São Paulo – A área de saúde tem a tradição de valorizar o contato com os pacientes. Nos últimos anos, no entanto, tem se intensificado uma outra crença no setor: sem tecnologia, não será possível manter os custos sob controle nem reduzir as queixas quanto à qualidade no atendimento. A necessidade de combinar essas necessidades tem mexido com as empresas médico-hospitalares.
Erika Fuga, diretora de sinistro saúde da SulAmérica, explica que até agora vinha trabalhando com a interface apenas junto aos prestadores de serviço. “Ficava uma caixa-preta para o cliente (empresa), que só conhecia o sinistro na hora de pagar a fatura para a SulAmérica. Essas empresas pediam para participar desde o início do processo.
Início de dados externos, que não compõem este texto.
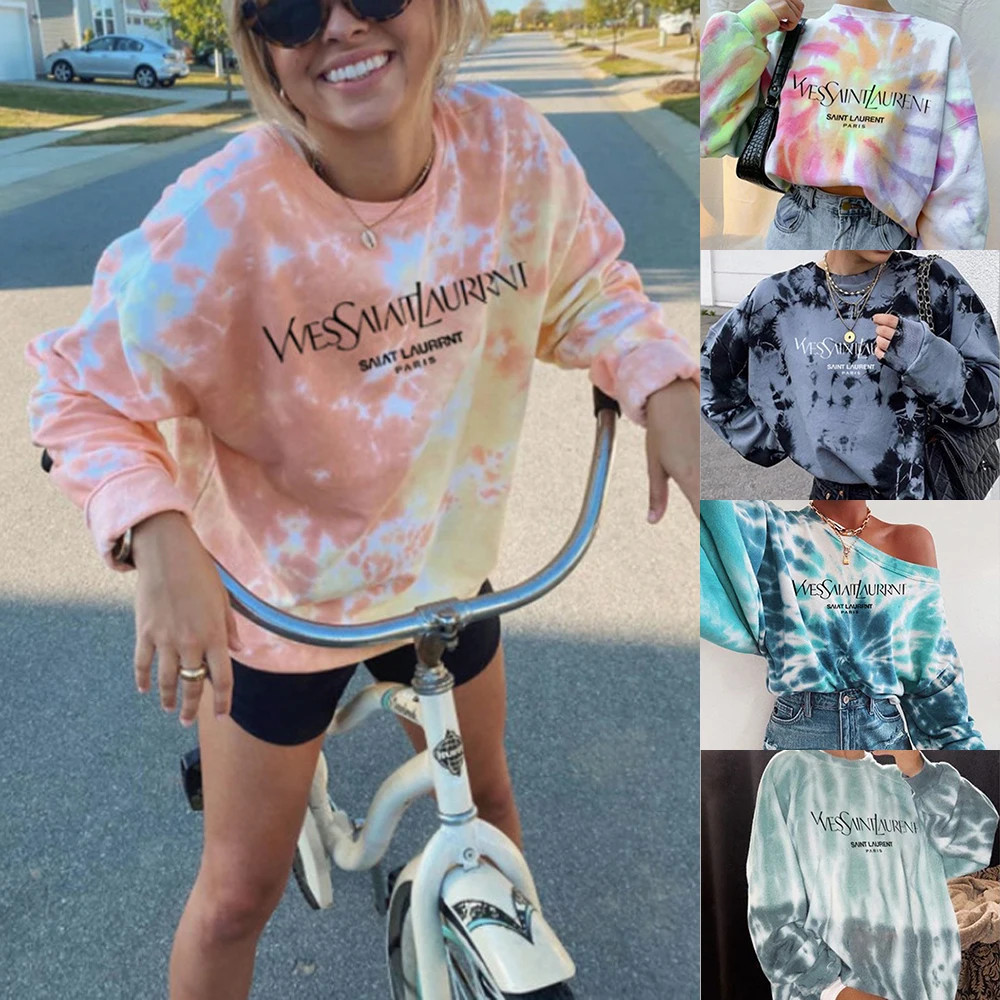 

Fashion Neon Tie Dye Long Sleeve Pullover Women Sweatshirt Letter Print Autumn Clothes O-Neck Loose Streetwear Women Sweatshirt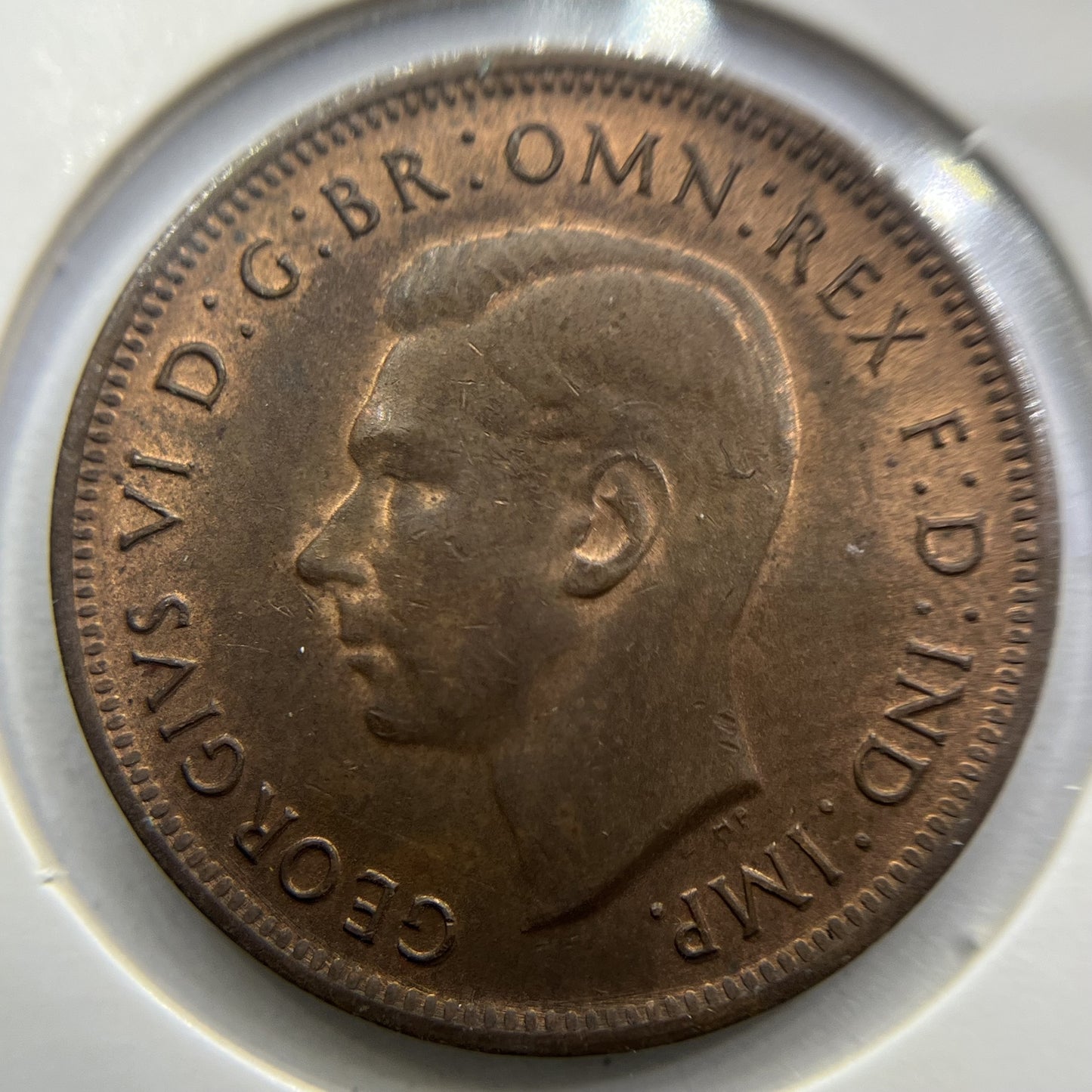1943 Half Penny Coin - almost Uncirculated - George VI Predecimal Australian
Passamos cerca de um ano e meio desenvolvendo uma solução para que elas fossem incluídas no processo.”
Com a ampliação da plataforma, o médico pode atuar na empresa em que trabalha para entender os procedimentos autorizados pela operadora para os funcionários, em tempo real. “Esse acesso vai permitir uma gestão cada vez mais eficiente e transparente da saúde de seus colaboradores”, avalia a executiva da SulAmérica, que não divulga quanto foi investido na nova ferramenta. Apesar de ser um serviço adicional, não haverá um custo a mais para as empresas.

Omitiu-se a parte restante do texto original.